So this is the latest thing Mom is doing with all the spare time she doesn't really have. In my opinion, it's a silly thing to do because she doesn't even have any children or nieces or nephews to give this information to after she finds it. But Mom says that doesn't matter because she is just doing it for herself.
Anyway, Mom has a couple of distant cousins who already did a bunch of genealogy, and they figured out certain parts of the family tree. So Mom wanted to work on a different branch of the tree that she didn't know much about. She chose the Allen branch because her last name is Allen.
Clay County, Missouri |
Mom already knew that her great-grandfather, John Allen, came to Clay County, Missouri from Casey County, Kentucky, but she didn't know when he did this exactly. But after looking at some old obituaries, she learned that the family came to Missouri in the fall of 1855. First they went by wagon to the Mississippi River, and then they went the rest of the way by steamboat up the Missouri River. Later on, Mom wants to do some more research on her Great-grandfather Allen, but the thing she really wanted to find out before that was when her first Allen relative came over from England.
The Natchez steamboat and a bunch of wagons |
So by using the ancestry.com website (which costs more than Mom expected it would to join), she was able to wade back through a bunch of information and slowly put together the Allen family tree. And here's how it goes:
John Allen (1834-1920) was born in Casey County, KY and died in Clay County, MO
His father was James Allen (1811-1894), who was born and died in Casey County, KY
Casey County, Kentucky |
The father of James was Robert Mark Allen (1772 -1828), who was born in Frederick County, VA
and died in Casey County, KY
The father of Robert Mark was Benjamin Allen (1745-1826), who was also born in Frederick County,
VA and died in Casey County, KY
Mom told me that this all fit with what she had learned in school about how America was settled. First, people came there by ship from Europe, and they just went a little ways from the coast to claim land and make their homes. But after a while, people started moving farther west, like to the wilds of Tennessee and Kentucky. Later on, they moved to the new frontier, which by then was in Missouri and Iowa and Arkansas. Some people went all the way to Oregon or California, but Mom's ancestors did not do that. They just stayed in Missouri, which is where Mom was born.
Frederick County, Virginia |
So anyway, after digging up all these ancestors, Mom was beginning to wonder if she would ever find the first Allen who came to America, but finally she did! His name was Robert Allen, and he was born in 1695. But he was not born in England, like Mom expected. Instead, he was born in IRELAND, in a town called Armagh. Mom and I had never even heard of this town before, so we had to look it up. It is located in County Armagh in Northern Ireland.
So that's where Robert Allen was born, and he died in Virginia in 1769. His first wife was from Cheshire, England, and his second wife was from Ireland. I think he married the second wife after they got to America, and the same year that his first wife died, but it's hard to get all this ancient information sorted out.

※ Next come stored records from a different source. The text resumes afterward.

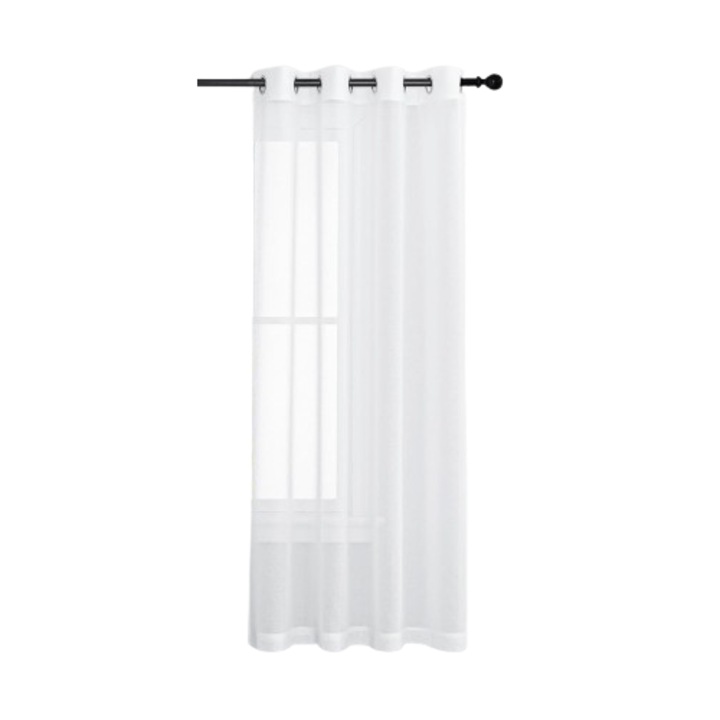 Pony Dance függöny, áttetsző, fehér, 140x160cm, gyűrűkkel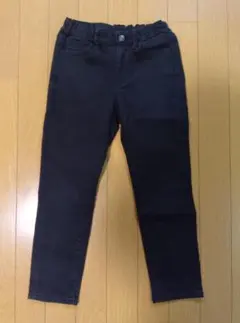 ユニクロ キッズ UNIQLO ウルトラストレッチジーンズ ファスナー無 黒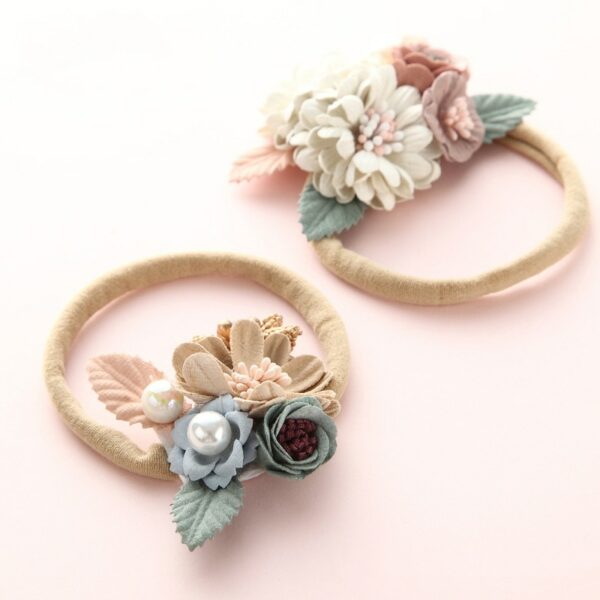 Bandeau floral pour nouveau-né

Anyway, if you go back another generation, you learn that the father of Robert Allen was named James Robert Allen, and he was born in Scotland in 1650, but he died in Ireland in 1695. So really there was only one generation of Allens in Ireland before they immigrated to America.
The city of Armagh |
Mom was able to go back one more generation to Henry Allen. He was the father of James Robert Allen, and he was born in 1626 in Glasgow, Scotland. He died in 1647 in the same place. By the time you get back that far with the Allen clan, you start seeing the name spelled "Allan," which is the Scottish way to spell it. The English way is with an "en," and that's why Mom thought her ancestors came from England.
Charing Cross in Glasgow, Scotland |
Of course, some other branches of Mom's family tree really did come from England, but Mom will have to do some serious research to find out which part of England they came from. I'm not sure why Mom is so excited to have all these ancestors from a place like Great Britain. If she were a basenji like me, she could have ancestors from the Congo, which is so much more interesting and exotic!